Good catch, it does fail on dedicated nodes. Created https://github.com/openshift/openshift-ansible/pull/8132 to fix this
Fix is available in openshift-ansible-3.10.0-0.30.0
Verify this bug with openshift-ansible-3.10.0-0.30.0.git.0.4f02952.el7.noarch. Run easy-mode.yaml playbook, it would generate the detailed cert report as /tmp/cert-expiry-report.html and /tmp/cert-expiry-report.json by default.

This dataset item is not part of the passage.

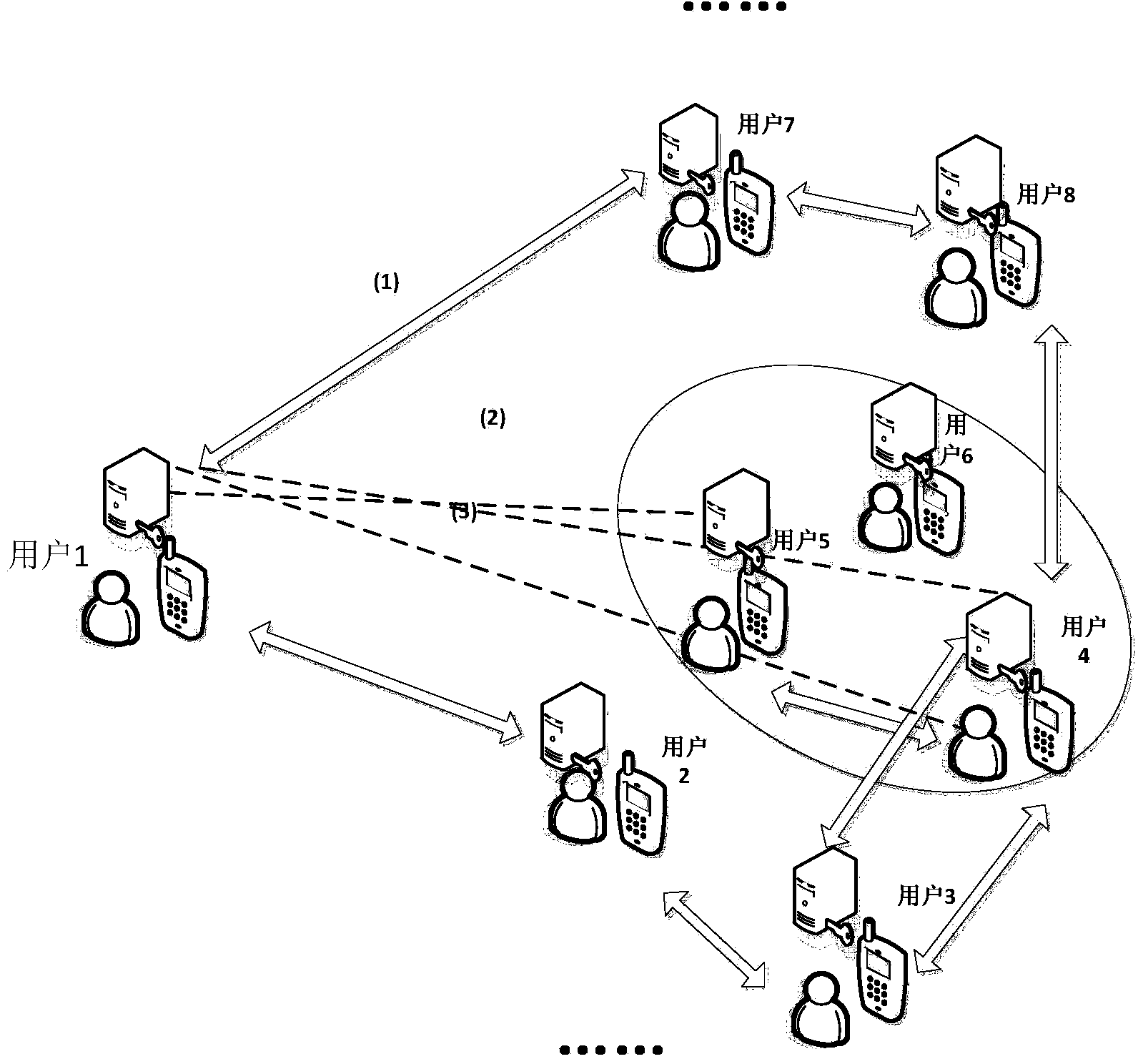 Privacy protection system and method used for P2P social network and based on broadcast encryption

List the certs checked by the playbook: [root@gpei-preserved host]# grep path /tmp/cert-expiry-report.json "path": "/etc/etcd/ca.crt", "path": "/etc/etcd/server.crt", "path": "/etc/etcd/peer.crt", "path": "/etc/origin/node/node.kubeconfig", "path": "/etc/origin/node/node.kubeconfig", "path": "/etc/origin/master/admin.kubeconfig", "path": "/etc/origin/master/openshift-master.kubeconfig", "path": "/etc/origin/master/master.server.crt", "path": "/etc/origin/master/master.proxy-client.crt", "path": "/etc/origin/master/master.kubelet-client.crt", "path": "/etc/origin/master/service-signer.crt", "path": "/etc/origin/master/master.etcd-client.crt", "path": "/etc/origin/master/master.etcd-ca.crt", "path": "/etc/origin/master/ca.crt", "path": "/etc/origin/node/client-ca.crt", "path": "/etc/origin/node/client-ca.crt", "path": "/api/v1/namespaces/default/secrets/registry-certificates", "path": "/api/v1/namespaces/default/secrets/router-certs", "path": "/etc/origin/node/client-ca.crt", "path": "/etc/origin/node/client-ca.crt", master.kubelet-client.crt and master.proxy-client.crt were checked.